Diana Thompson. Photo by Ross Adams.

In 2009, Thompson and Adams started CA’s very successful Vocal, Jazz, and Pop Ensemble. “Ross directed the instrumentalists and I trained the vocalists,” Thompson says. “What I loved most about this setting was that it gave me an opportunity to develop each singer’s unique talent, as well as their ability to work together as a group. It was most gratifying to see their confidence grow, and the greatest rewards for me were the stellar performances they gave at Music Cafe each year.”

In retirement, Thompson plans to garden, travel, organize her enormous music library, and write a book about her singing methodology. “It will be good to have the time to focus on these,” she says, “and perhaps get back to performing again as a vocalist.”

Departure

Eve Fraser-Corp
24 Years – Health Services

Framed nature photographs taken by Eve Fraser-Corp, RN, have helped make CA’s Health Center feel comfortable and connected to the earth. When she departs CA this spring after 24 years on staff, they’ll remain on the walls, a reminder of her caring presence. “Eve is a nurse by profession but also by constitution,” says Jeff Desjarlais, director of health and student support services. “She nurtures everybody.” He credits her with building the Health Services team.

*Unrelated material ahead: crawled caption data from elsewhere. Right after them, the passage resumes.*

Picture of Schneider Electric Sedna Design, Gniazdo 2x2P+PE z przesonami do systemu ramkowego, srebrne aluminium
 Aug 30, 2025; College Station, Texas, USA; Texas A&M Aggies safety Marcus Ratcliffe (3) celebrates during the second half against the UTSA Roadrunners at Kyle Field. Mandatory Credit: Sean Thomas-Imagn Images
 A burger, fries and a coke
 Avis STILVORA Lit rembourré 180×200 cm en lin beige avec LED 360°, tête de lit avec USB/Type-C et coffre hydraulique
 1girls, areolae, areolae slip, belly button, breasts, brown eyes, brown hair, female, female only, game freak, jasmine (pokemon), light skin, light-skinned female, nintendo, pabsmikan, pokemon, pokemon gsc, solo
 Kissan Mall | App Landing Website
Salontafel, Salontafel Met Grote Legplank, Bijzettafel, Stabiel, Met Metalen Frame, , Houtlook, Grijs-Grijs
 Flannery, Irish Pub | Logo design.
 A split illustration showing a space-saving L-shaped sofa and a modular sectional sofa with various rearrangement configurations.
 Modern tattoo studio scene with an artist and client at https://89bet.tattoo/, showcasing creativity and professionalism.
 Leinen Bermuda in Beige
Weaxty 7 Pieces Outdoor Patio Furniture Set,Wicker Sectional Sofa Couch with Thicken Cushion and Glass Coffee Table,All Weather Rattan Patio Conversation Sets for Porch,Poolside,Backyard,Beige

When she accepted a nursing position at CA in 1997, her children were young and she had recently moved back to Massachusetts from California. She started alone, though after two years she lobbied successfully for another full-time nurse. Early on, she worked in an old infirmary, without computers (she would stuff appointment reminders in student mailboxes).

Now the staff includes a full counseling team and works closely with the athletics trainers, fully part of the Student Health and Athletics Center (the SHAC). “Every year, it’s just gotten better and better — the team we have and the policies we’ve developed,” she says. “We’ve worked hard to make the Health Center a haven, for boarders and day students alike.”

She had always valued getting to know students, but when she moved onto campus four years ago and became a house faculty member, she experienced a new side of CA. She “tried to take house food to the nth degree,” she says, making Thai soups, Jamaican jerk chicken, and lemon squares. And she counts as a “huge honor” having been asked to sit in the family bench for a few students’ chapel talks. “Chapels can bowl me over,” she says. “This place gives such a beautiful foundation to so many.”

Fraser-Corp and her husband, Kevin, are moving to Nantucket, Mass., where she will work at a Nantucket Cottage Hospital outpatient clinic. The island has been a home base for her family for decades. But she plans to stay connected, she says, to “this remarkably caring and creative community.” And she hopes to reunite with colleagues and alumnae/i during CA’s Centennial.